WHAT YOU SHOULD DO
Look through the data for the string "радиатора". Copy every line where it is found.

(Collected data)
***
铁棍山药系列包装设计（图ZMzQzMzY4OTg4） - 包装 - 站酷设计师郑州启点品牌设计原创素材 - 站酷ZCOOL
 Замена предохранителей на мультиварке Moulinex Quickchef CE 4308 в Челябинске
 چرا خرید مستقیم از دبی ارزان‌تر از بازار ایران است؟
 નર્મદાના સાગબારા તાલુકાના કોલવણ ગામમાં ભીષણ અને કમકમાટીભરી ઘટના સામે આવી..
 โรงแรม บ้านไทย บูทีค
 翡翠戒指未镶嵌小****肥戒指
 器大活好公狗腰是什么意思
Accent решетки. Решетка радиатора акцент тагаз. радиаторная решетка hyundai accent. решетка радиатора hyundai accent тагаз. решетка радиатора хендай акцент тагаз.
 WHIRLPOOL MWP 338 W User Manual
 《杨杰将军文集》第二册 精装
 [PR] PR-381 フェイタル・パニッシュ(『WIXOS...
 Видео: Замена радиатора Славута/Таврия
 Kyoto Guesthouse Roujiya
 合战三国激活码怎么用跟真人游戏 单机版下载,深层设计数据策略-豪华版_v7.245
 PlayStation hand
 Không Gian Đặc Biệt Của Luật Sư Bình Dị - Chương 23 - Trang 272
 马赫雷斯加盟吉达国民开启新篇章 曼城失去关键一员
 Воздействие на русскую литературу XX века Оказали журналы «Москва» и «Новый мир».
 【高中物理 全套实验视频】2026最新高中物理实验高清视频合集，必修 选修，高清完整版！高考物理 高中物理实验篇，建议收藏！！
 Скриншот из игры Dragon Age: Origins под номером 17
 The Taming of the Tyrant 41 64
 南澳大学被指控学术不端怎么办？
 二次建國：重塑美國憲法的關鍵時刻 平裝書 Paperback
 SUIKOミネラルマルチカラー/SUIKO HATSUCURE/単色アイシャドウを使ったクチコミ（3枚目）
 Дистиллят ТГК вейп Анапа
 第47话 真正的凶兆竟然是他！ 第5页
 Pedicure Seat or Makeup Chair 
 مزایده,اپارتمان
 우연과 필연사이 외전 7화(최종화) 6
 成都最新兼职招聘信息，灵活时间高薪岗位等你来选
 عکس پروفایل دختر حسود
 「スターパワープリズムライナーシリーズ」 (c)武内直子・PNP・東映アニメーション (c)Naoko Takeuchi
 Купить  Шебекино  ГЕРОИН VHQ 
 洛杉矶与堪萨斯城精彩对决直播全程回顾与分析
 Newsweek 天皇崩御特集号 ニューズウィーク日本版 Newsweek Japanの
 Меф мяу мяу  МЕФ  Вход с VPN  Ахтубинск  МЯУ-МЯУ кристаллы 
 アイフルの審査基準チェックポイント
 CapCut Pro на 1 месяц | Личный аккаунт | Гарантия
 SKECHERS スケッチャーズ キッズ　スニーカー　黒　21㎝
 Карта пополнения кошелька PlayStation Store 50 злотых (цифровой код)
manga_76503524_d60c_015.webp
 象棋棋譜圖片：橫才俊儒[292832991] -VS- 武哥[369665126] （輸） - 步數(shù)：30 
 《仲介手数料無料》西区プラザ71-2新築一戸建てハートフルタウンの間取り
***
EXERCISE OUTPUT
Accent решетки. Решетка радиатора акцент тагаз. радиаторная решетка hyundai accent. решетка радиатора hyundai accent тагаз. решетка радиатора хендай акцент тагаз.
 Видео: Замена радиатора Славута/Таврия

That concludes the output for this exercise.